To do
The job is to output exactly the lines that run from the start of the entries through the line containing "Shh! Her Secret", pictures omitted.

Exercise materials
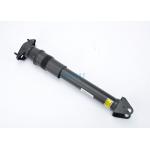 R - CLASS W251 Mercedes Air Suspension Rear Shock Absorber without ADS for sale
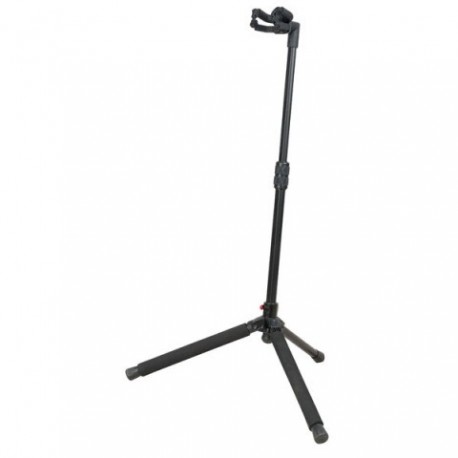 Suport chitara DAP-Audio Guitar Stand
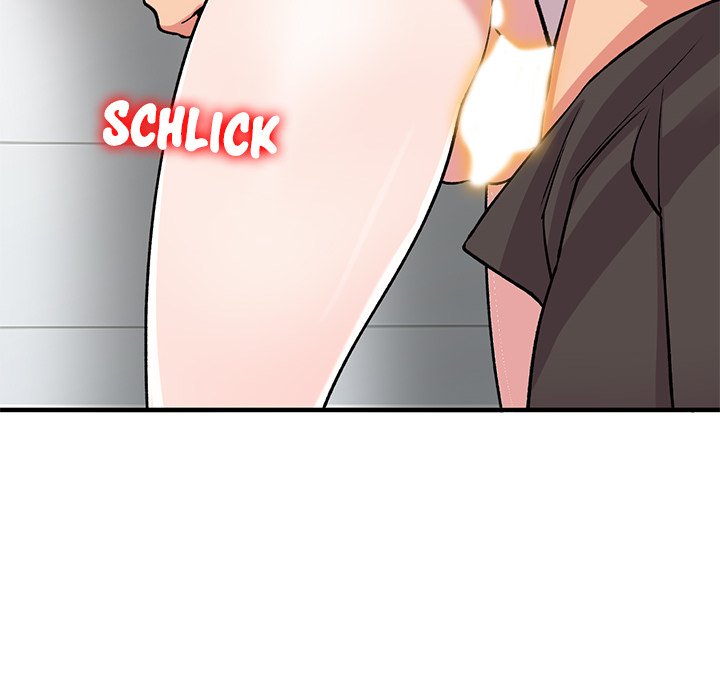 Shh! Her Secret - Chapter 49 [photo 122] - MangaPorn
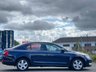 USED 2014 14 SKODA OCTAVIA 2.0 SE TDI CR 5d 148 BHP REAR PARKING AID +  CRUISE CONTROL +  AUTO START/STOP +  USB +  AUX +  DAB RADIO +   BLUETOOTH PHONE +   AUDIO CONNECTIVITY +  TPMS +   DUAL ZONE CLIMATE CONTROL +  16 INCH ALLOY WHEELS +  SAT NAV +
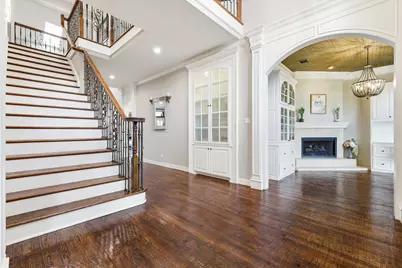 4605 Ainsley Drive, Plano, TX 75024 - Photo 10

Completed task
 R - CLASS W251 Mercedes Air Suspension Rear Shock Absorber without ADS for sale
 Suport chitara DAP-Audio Guitar Stand
 Shh! Her Secret - Chapter 49 [photo 122] - MangaPorn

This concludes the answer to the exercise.